= Activity =
All lines from the one containing "福岡発　乗って帰れます！車検長いN-ONE 人気のパールホワイト..." through the last line of the listing should be given again exactly, with no pictures.

:::

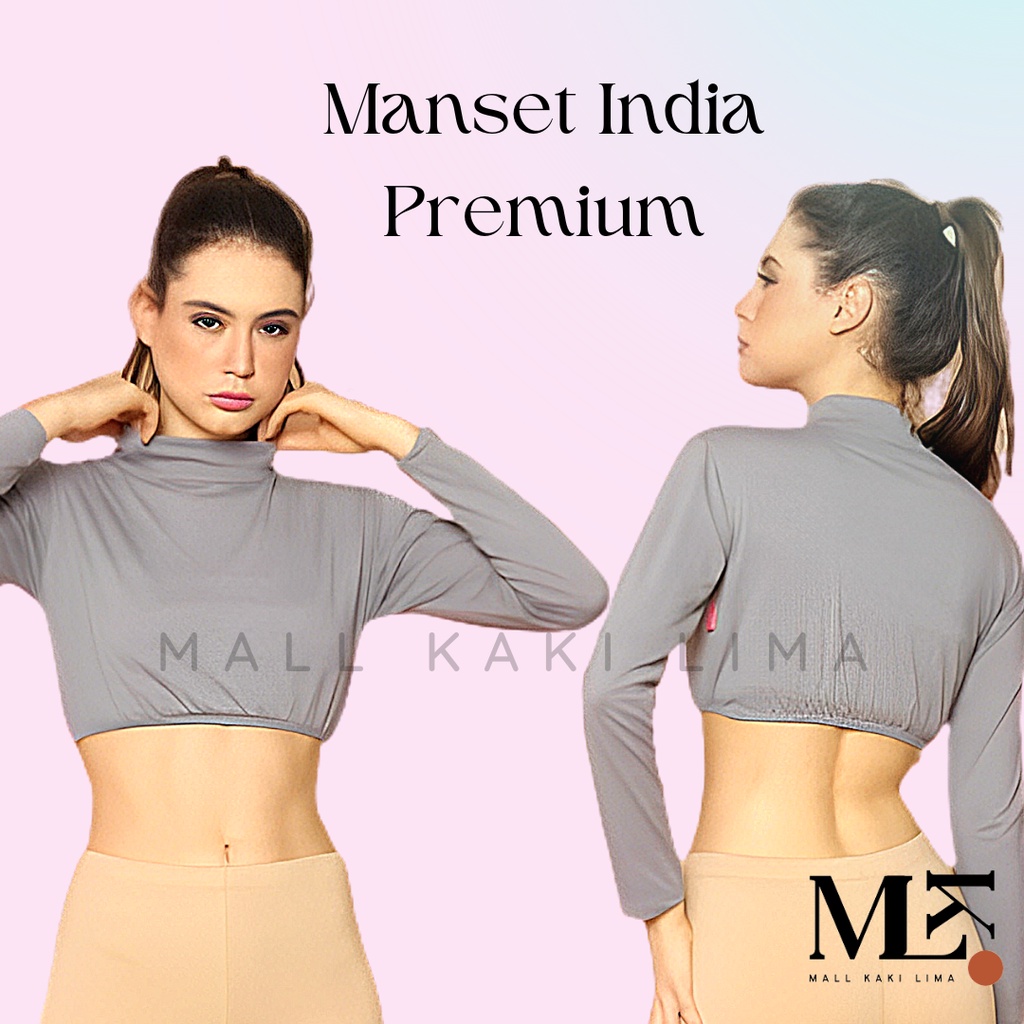 MANSET CROPTOP INDIA PREMIUM MANSET RAYON  BAHAN SEJUK DAN LEMBUT UKURAN STANDAR &amp; JUMBO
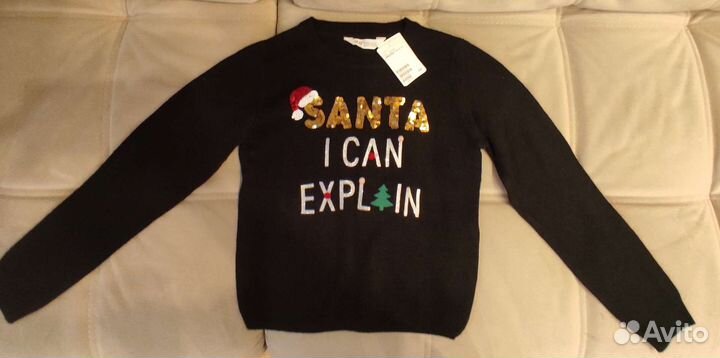 Новый новогодний свитер H&M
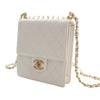 Secondhand Chanel Small Quilted Lambskin Chic Pearls Flap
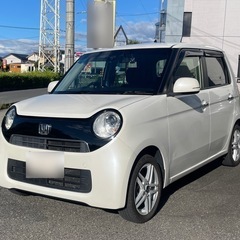 福岡発　乗って帰れます！車検長いN-ONE 人気のパールホワイト...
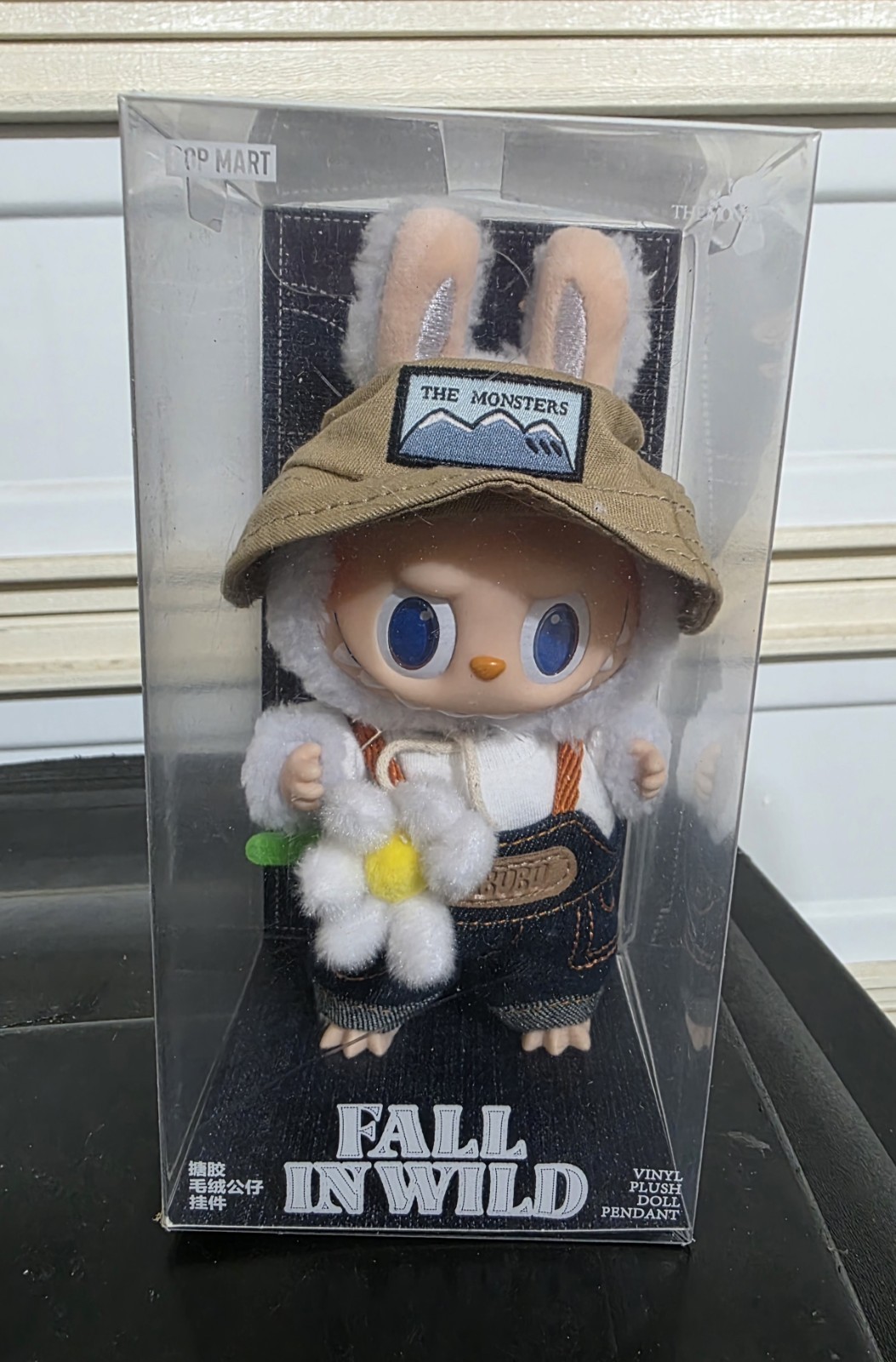 ?New?Never Opened?Labubu The Monsters Series Fall in Wild with Flower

:::

= Your solution =
 福岡発　乗って帰れます！車検長いN-ONE 人気のパールホワイト...
 ?New?Never Opened?Labubu The Monsters Series Fall in Wild with Flower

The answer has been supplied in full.